Bernard Madoff, accused mastermind of a $50 billion investment fraud, is expected to plead guilty to criminal charges next week, three months after his arrest shocked his customers worldwide.

A court document signed on Friday by prosecutors and Madoff's lead attorney indicated the once-respected Wall Street trader and investment manager would waive an indictment and plead guilty to criminal charges.

A March 12 hearing was scheduled for Madoff to appear in court on the charges, said a clerk for Judge Denny Chin in U.S. District Court in Manhattan, who was assigned to oversee the case.

Madoff, who is under house arrest, also is set to appear at a March 10 hearing on a potential conflict of interest involving his main lawyer, Ira Sorkin.

Legal experts said all signs indicate that a guilty plea has been negotiated in what authorities have called the biggest Ponzi scheme in Wall Street history. The purported swindle ran for decades but collapsed in last year's market meltdown.

Madoff's lawyers and the U.S. Attorney's Office in Manhattan declined to comment directly on any plea deal.

This is the first step in order to enter a plea agreement, said Peter Henning, a professor at Wayne State University Law School in Detroit and a former federal prosecutor.

Prosecutors charged and arrested Madoff on December 11 after the FBI said he confessed to running a giant Ponzi scheme with $50 billion in losses over many years.
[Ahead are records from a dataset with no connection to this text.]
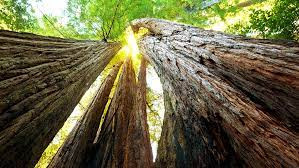 Than ky choi cay co thu 2.000 tuoi moc len sau tran chay rung-Hinh-10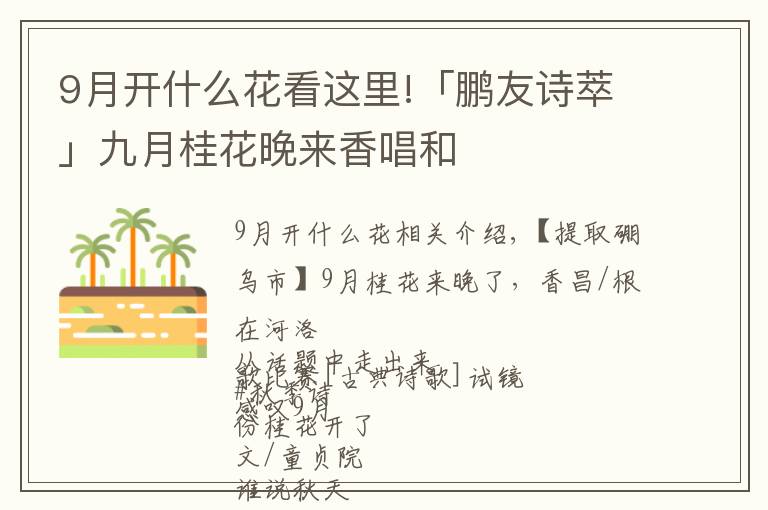 9月开什么花看这里!「鹏友诗萃」九月桂花晚来香唱和文章配图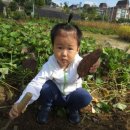 상일농장 이미지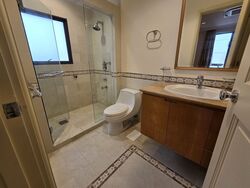 Heritage Apartments (D10), Condominium #478086361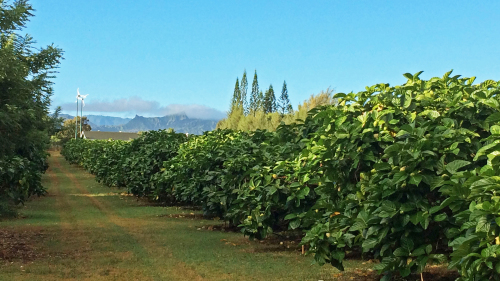 Noni Farm & Wellness Tour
A Ponzi scheme is one in which early investors are paid with the money of new clients.

OTHERS INVOLVED?

One legal expert said it is likely that any plea deal would include Madoff's agreement to cooperate with the government's investigation into the purported swindle, which bilked banks, wealthy clients, small investors and charities worldwide.

If other people were ultimately charged and put on trial, Madoff's sentencing could be delayed until those cases were resolved, legal experts said.
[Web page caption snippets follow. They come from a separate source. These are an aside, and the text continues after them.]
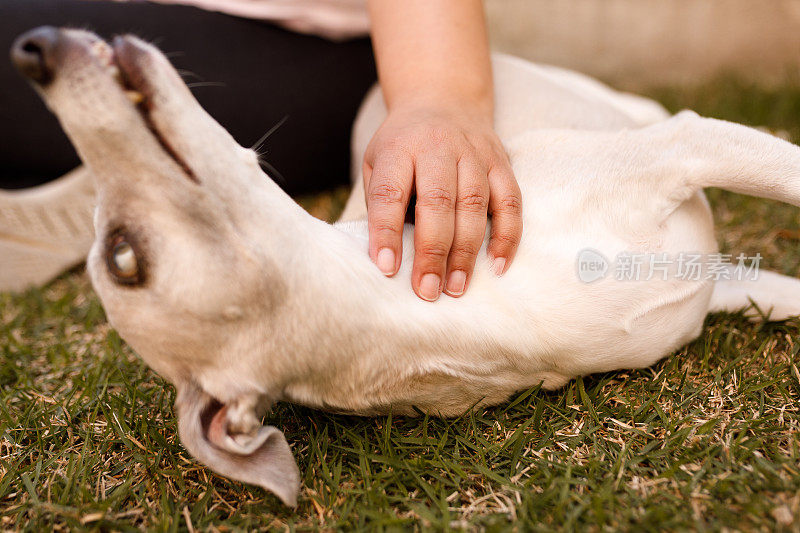 年轻女子的手抚摸着一只狗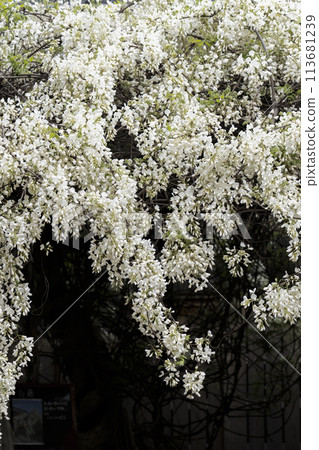 White Wisteria (Shooji Temple, Okazaki City) White Wisteria (Shooji Temple, Okazaki City) 113681239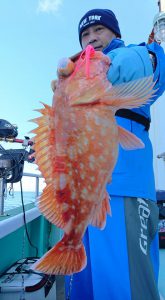 伊豆下田フィッシング 釣果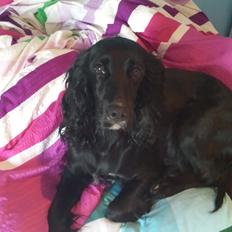 Cocker spaniel Ida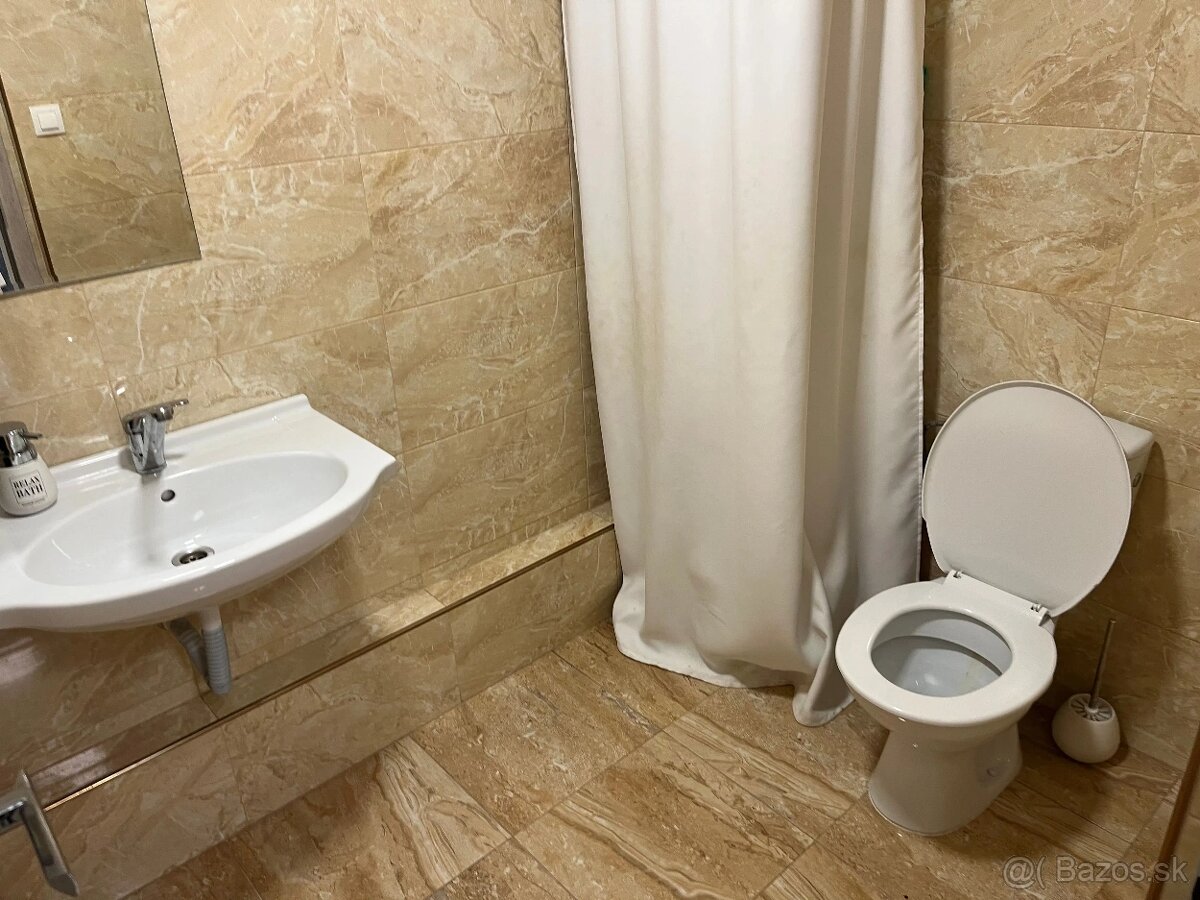 Priestor na prenájom, 2x 40m2, Trenčín, Pred Poľom - 8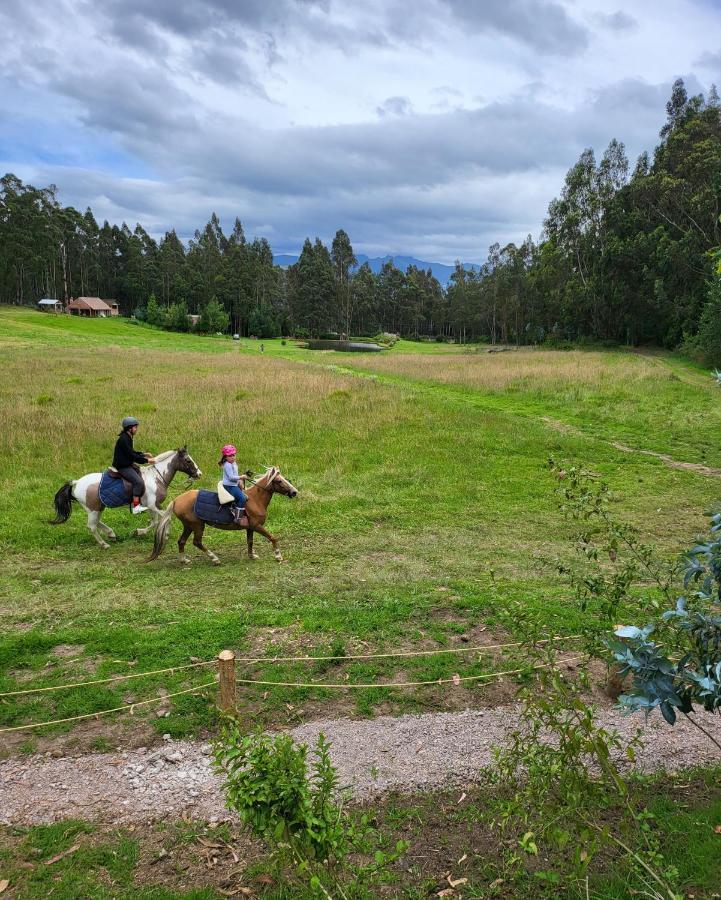 Palumbo Glamping & Villas Cayambe Eksteriør billede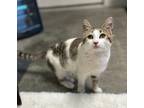 Adopt Charlie a Spotted Tabby/Leopard Spotted Domestic Shorthair cat in Long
No one else has been charged, but few believe that Madoff could have carried out such a complex worldwide scheme on his own.

Federal conspiracy law can reach far and wide, and undoubtedly the government is going to be looking to charge a conspiracy, said Bradley Simon, a white-collar criminal defense attorney not involved in the Madoff case. They are under enormous pressure to get to the bottom of this and bring in the bodies.

Madoff was charged in December with one count of securities fraud and faces up to 20 years in jail.

The 70-year-old could spend the rest of his life in prison. In the meantime, he is out on $10 million bail and under house arrest in his $7 million New York apartment with 24-hour surveillance.

Madoff's assets and those of his firm, Bernard L. Madoff Investment Securities LLC, have been frozen by court order as a trustee works to recover money for former customers. Less than $1 billion has been recovered so far.

The Madoff scandal has been one of the biggest white-collar criminal cases in recent memory. His clients included numerous celebrities, including TV talk show host Larry King, actor John Malkovich and Hall of Fame baseball pitcher Sandy Koufax, according to court documents. Investors say he lured them through his reputation for posting amazingly consistent returns that prosecutors now say were fiction.

If Madoff pleaded guilty, that would not put an end to the wave of private litigation stemming from the scandal, with investors suing Madoff on their own as well as bringing cases against money managers that put their money with him.

Madoff's prior court appearances have caused a frenzy at the federal courthouse in lower Manhattan. Besides the March 12 hearing, he is also to appear in court on Tuesday before the same judge to address a potential conflict involving his lawyer.

Madoff must tell the judge at that hearing that he is aware that 17 years ago his lawyer Sorkin represented two accountants who invested with Madoff in a civil case that was settled.

The case is USA v Madoff 08-mj-02735 in U.S. District Court in the Southern District of New York (Manhattan).